▸ What you need to do: Extract exactly and only the lines from the one containing "Ore no Sora" through the end of the entries below. Pictures should not appear in the copy.

[Saved data entries]
+===+
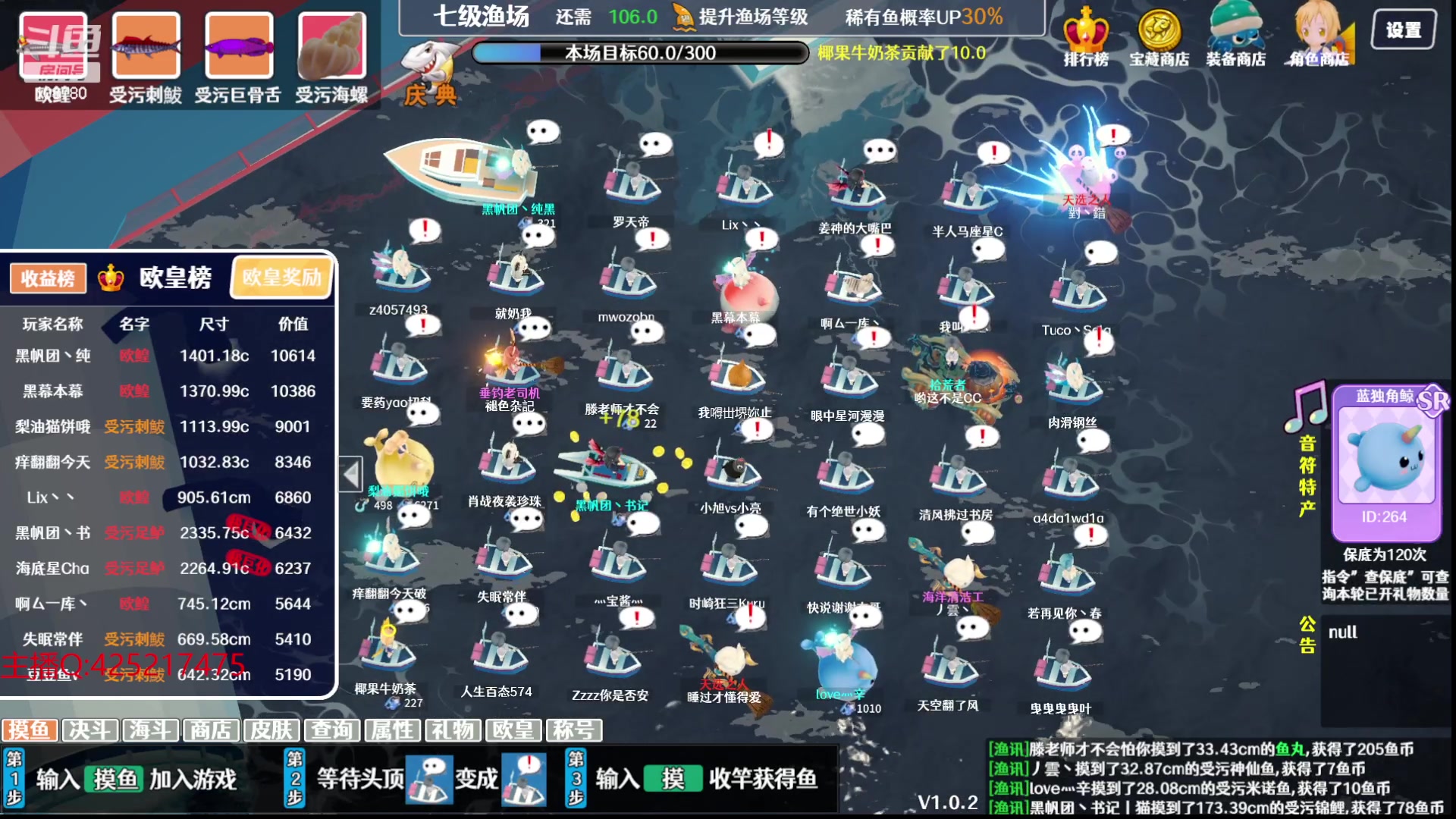 【2023-11-17 11点场】兮饭锐雯：大乱斗狂少来了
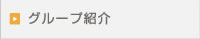 グループ紹介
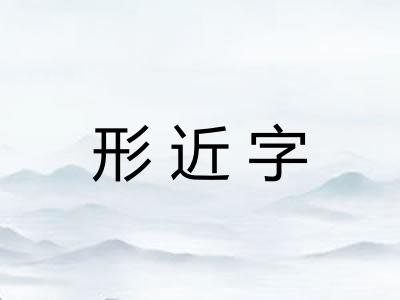 形近字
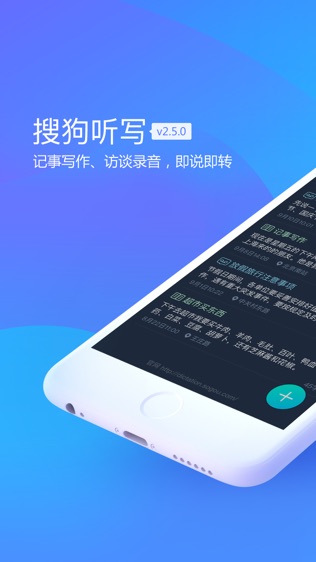 搜狗听写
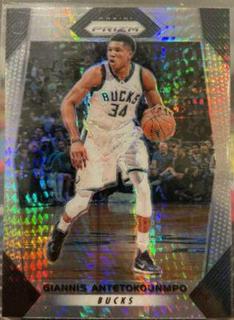 Giannis Antetokounmpo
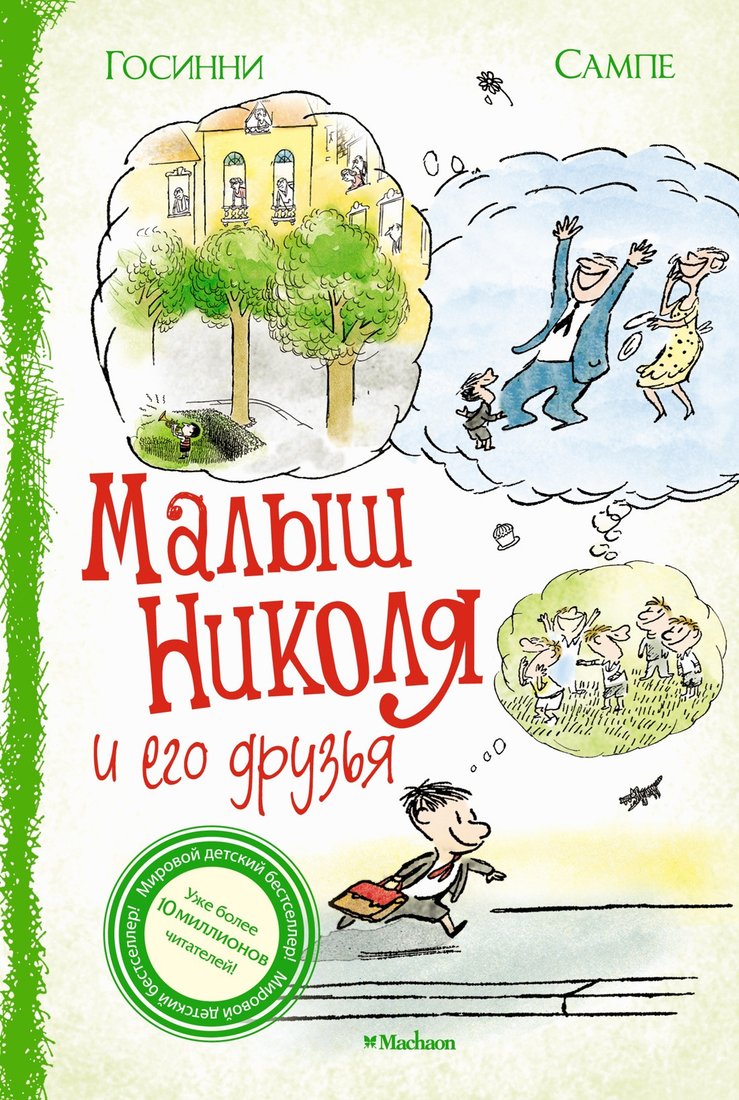 

Книга издательства Махаон. Малыш Николя и его друзья (Госинни Р.)
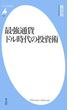 最強通貨ドル時代の投資術(平凡社新書)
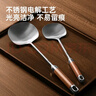 炊大皇316L不锈钢炒勺锅铲蘑菇铲花梨木手柄家用锅铲炒菜铲子大号 实拍图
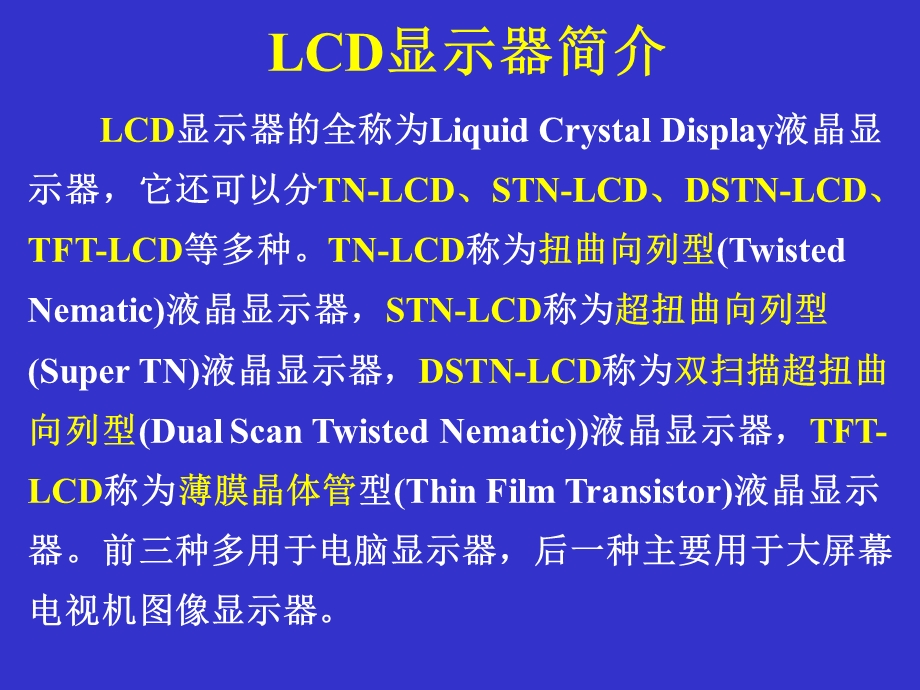 LCD的原理及构造.ppt_第2页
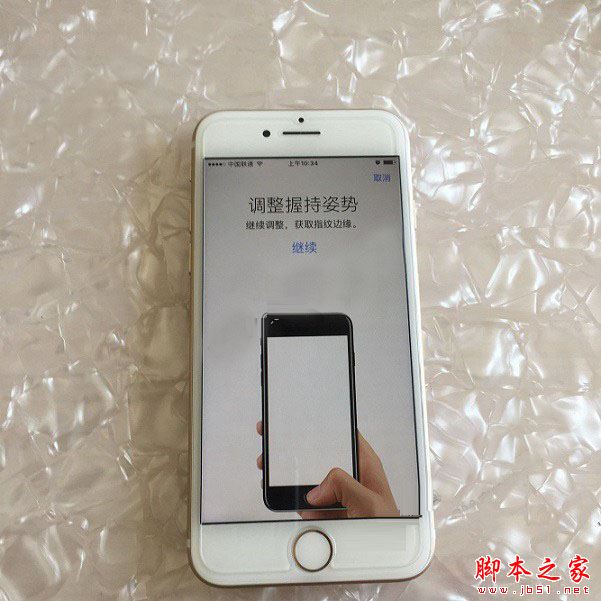 iPhone8怎么设置指纹解锁？iPhone8指纹识别设置教程
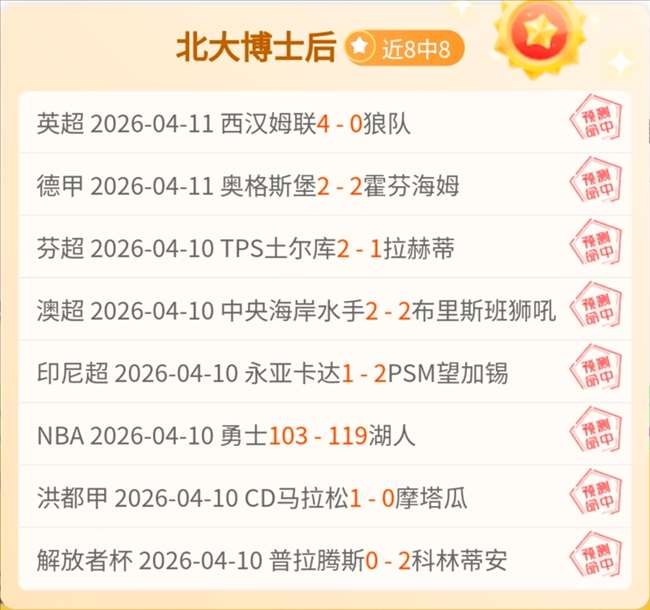 国足联声明,卡塔尔世界,杯将引入半,永利皇宫app,永利皇宫app官方,永利皇宫app官网,永利皇宫app入口,永利皇宫app登录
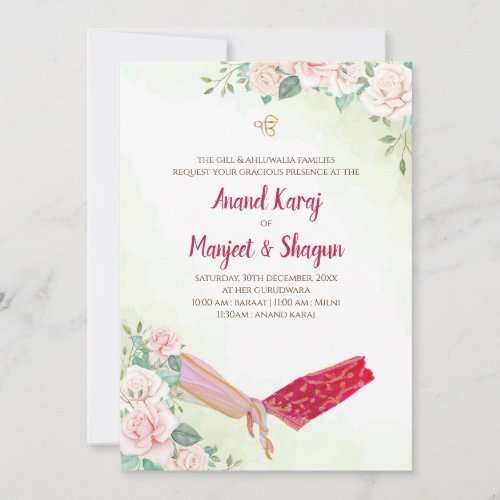 Sikh wedding invitation  Anand Karaj cards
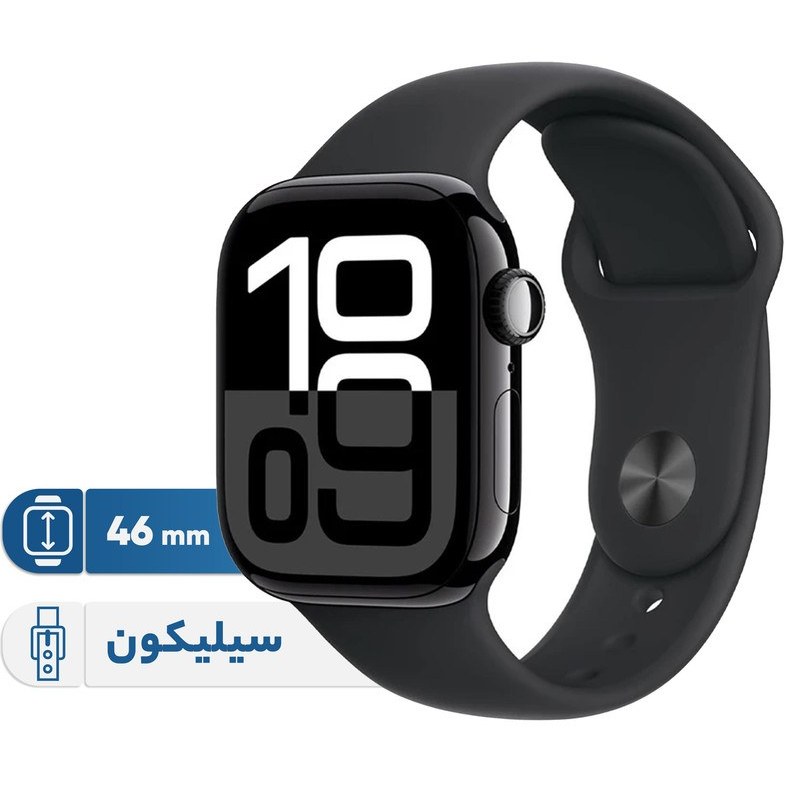 ساعت هوشمند اپل سری 10 (46 میلی‌متر) - بند سیلیکونی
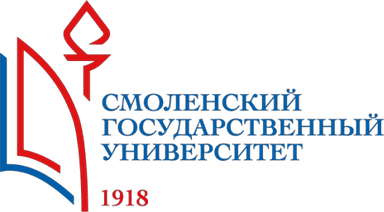 Логотип СмолГУ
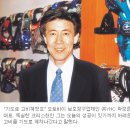 곽오토바이 - 남구 회재로 1214 | 곽오토바이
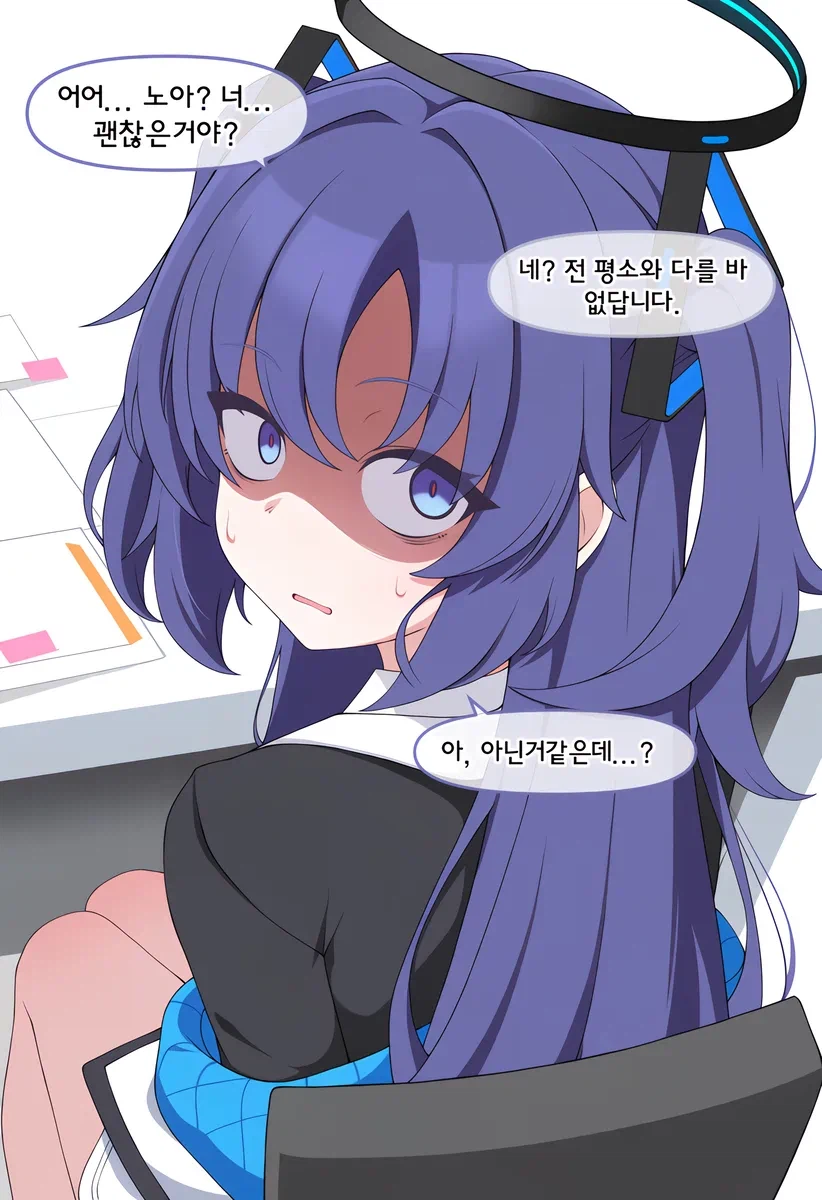블루아카) 매를 버는 선생 (8)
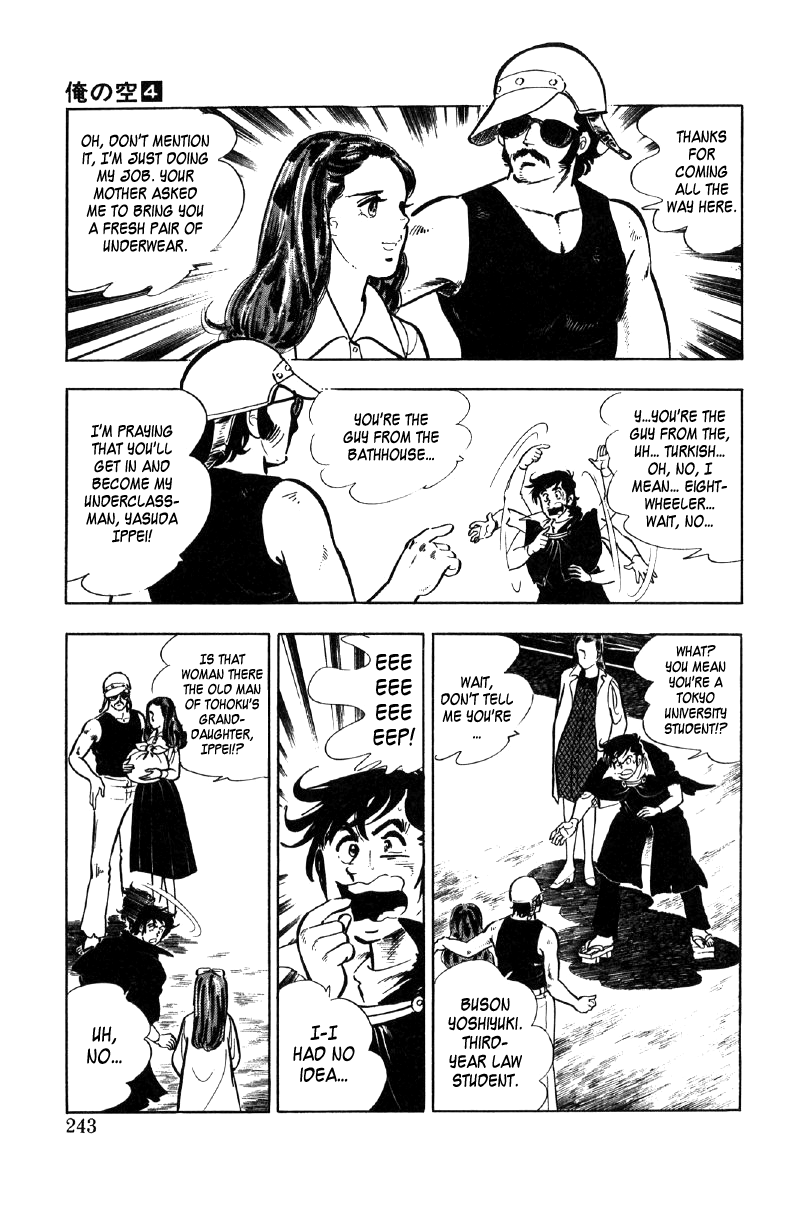 Ore no Sora Chapter 14 page 46 - Chapter 14: Pass the Tokyo University Entrance Exam!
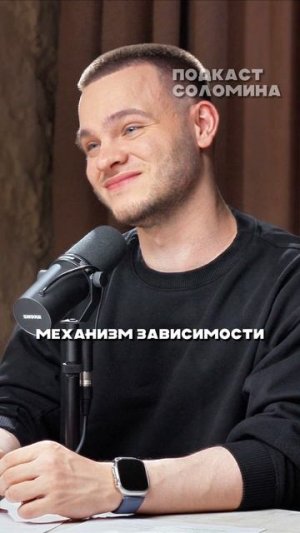 Зависимость влияет на память | Лазарев | Полный выпуск на канале «Глеб Соломин»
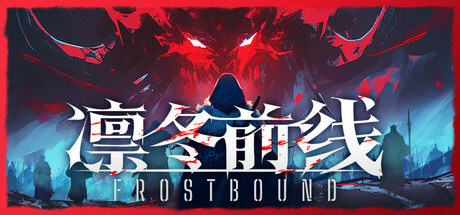凛冬前线/FrostBound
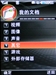 LG KG90n(黄金版)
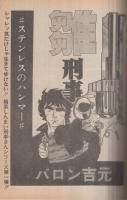 週刊漫画アクション　昭和56年6月11日号　(表紙画)モンキー・パンチ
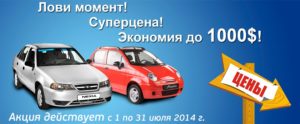 Автомобили GM Uzbekistan за границей стоят дешевле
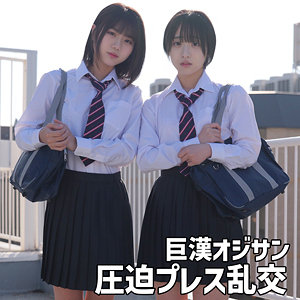 リク＆ミコ【素人ムクムク-W-】 市川りく 小島みこ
+===+
▸ Response for this exercise:
 Ore no Sora Chapter 14 page 46 - Chapter 14: Pass the Tokyo University Entrance Exam!
 Зависимость влияет на память | Лазарев | Полный выпуск на канале «Глеб Соломин»
凛冬前线/FrostBound
 LG KG90n(黄金版)
 週刊漫画アクション　昭和56年6月11日号　(表紙画)モンキー・パンチ
 Автомобили GM Uzbekistan за границей стоят дешевле
 リク＆ミコ【素人ムクムク-W-】 市川りく 小島みこ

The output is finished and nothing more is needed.